**Your instructions:**
Using the data that follows, output only the lines from the line with "Reginary 16 Pcs" up to and including the line with "Brunello Cucinelli Large", exactly, leaving pictures aside.

**Material for the task:**
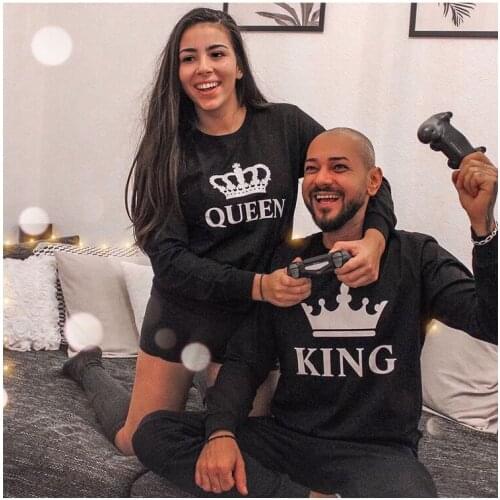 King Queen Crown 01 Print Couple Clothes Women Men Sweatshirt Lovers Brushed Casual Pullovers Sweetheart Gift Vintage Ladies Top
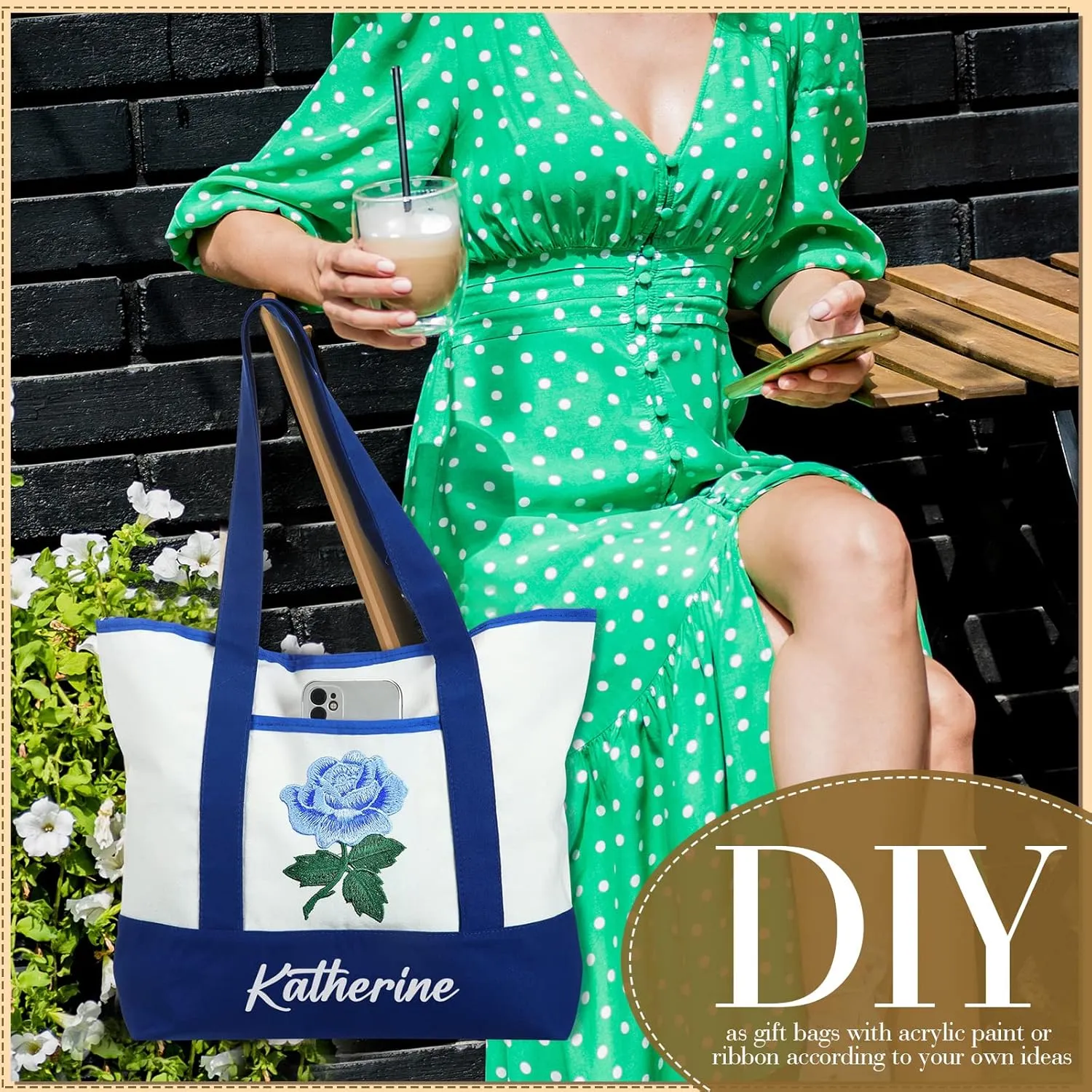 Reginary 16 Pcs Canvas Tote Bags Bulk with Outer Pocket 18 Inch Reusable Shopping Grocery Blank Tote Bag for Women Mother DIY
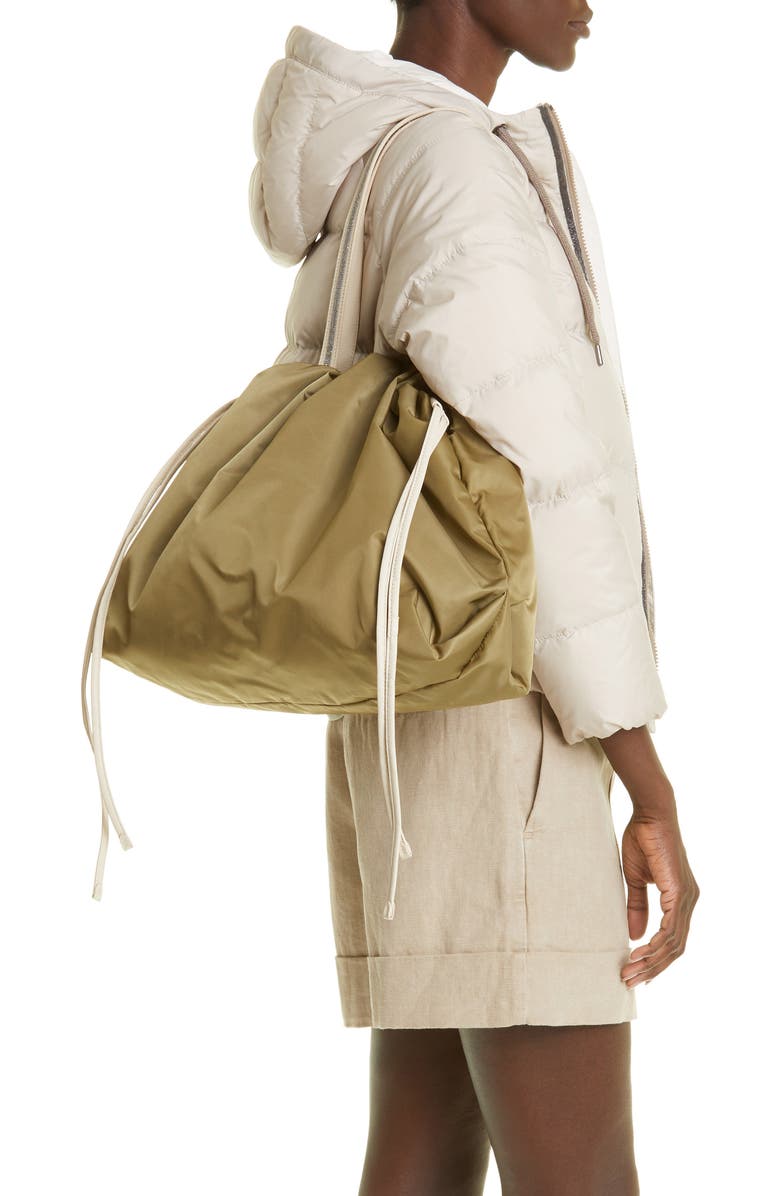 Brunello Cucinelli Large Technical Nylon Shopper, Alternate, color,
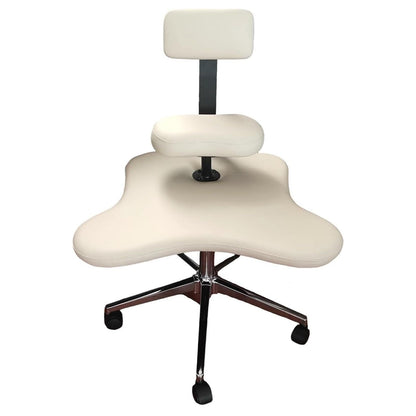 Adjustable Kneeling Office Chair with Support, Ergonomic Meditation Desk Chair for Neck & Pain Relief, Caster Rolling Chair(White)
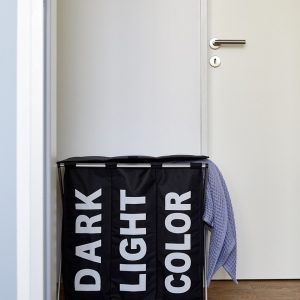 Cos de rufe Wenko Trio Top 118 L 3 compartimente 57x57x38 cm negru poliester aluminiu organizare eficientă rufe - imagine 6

...

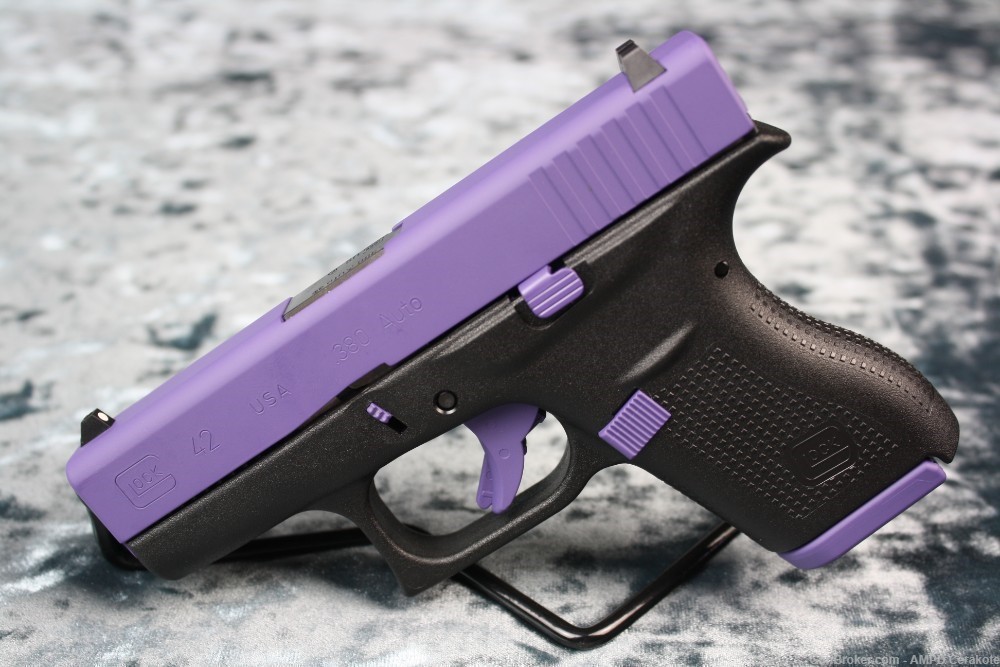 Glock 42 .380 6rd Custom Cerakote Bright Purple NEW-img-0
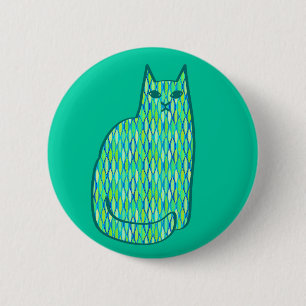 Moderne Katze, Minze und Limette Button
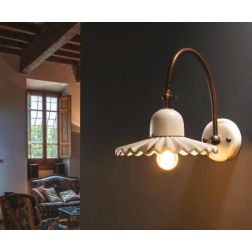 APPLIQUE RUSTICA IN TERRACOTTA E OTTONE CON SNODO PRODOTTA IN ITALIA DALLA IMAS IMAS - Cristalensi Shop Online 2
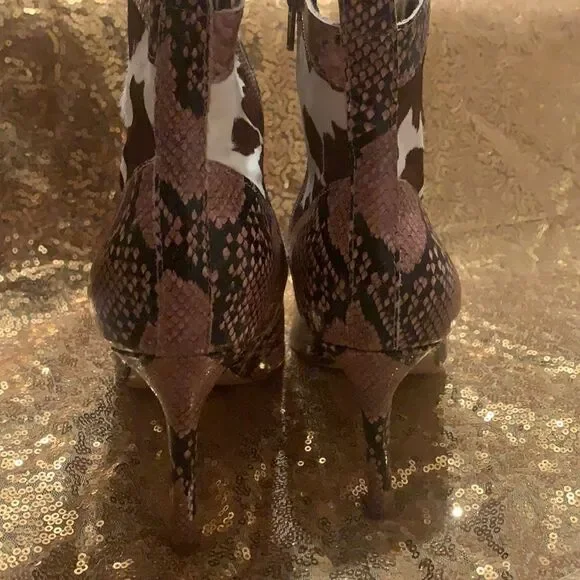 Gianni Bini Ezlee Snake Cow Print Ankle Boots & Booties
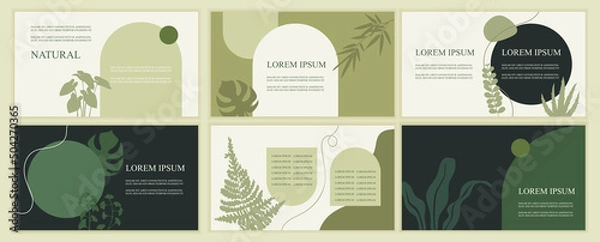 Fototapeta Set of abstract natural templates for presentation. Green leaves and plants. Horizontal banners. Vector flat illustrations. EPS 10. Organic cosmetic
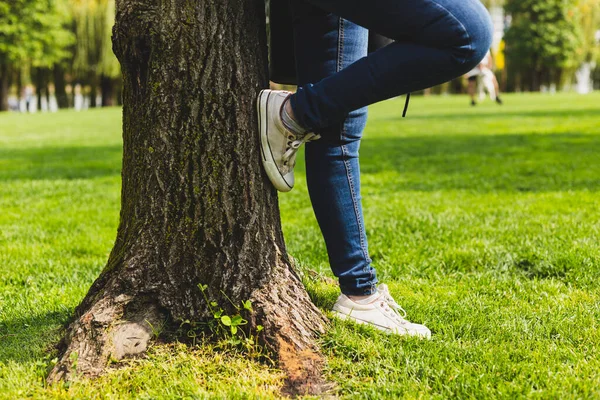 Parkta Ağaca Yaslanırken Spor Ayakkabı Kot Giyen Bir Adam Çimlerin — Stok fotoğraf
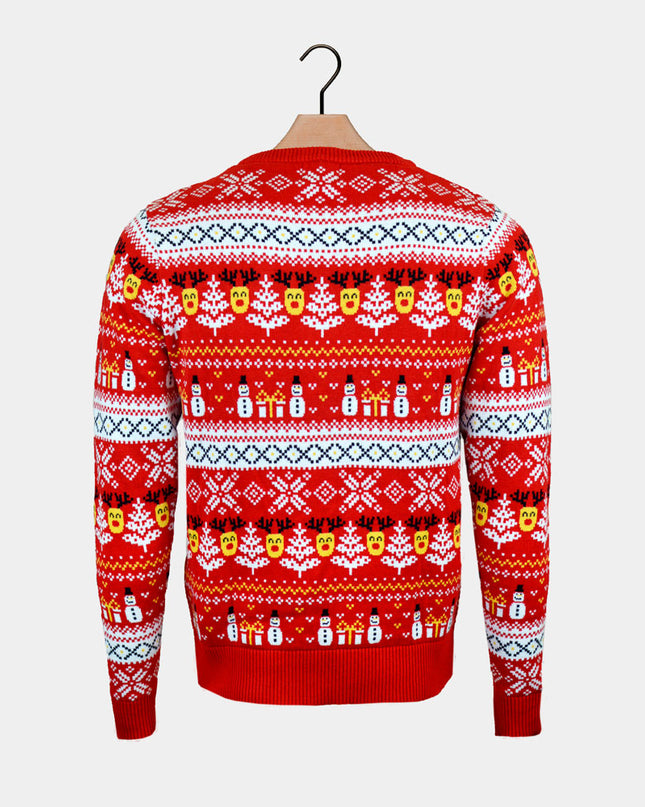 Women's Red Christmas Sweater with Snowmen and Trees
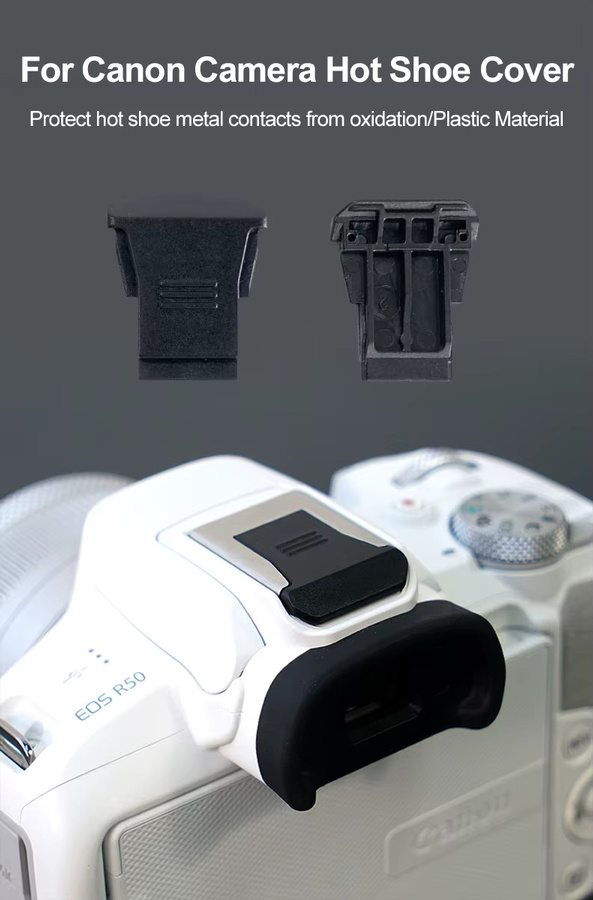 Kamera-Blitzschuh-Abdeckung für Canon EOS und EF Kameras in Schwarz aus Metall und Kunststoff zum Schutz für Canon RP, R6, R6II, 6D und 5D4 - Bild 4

---

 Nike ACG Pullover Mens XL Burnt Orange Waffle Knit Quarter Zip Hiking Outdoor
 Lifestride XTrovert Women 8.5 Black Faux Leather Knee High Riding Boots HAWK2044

**Reply:**
 Reginary 16 Pcs Canvas Tote Bags Bulk with Outer Pocket 18 Inch Reusable Shopping Grocery Blank Tote Bag for Women Mother DIY
 Brunello Cucinelli Large Technical Nylon Shopper, Alternate, color,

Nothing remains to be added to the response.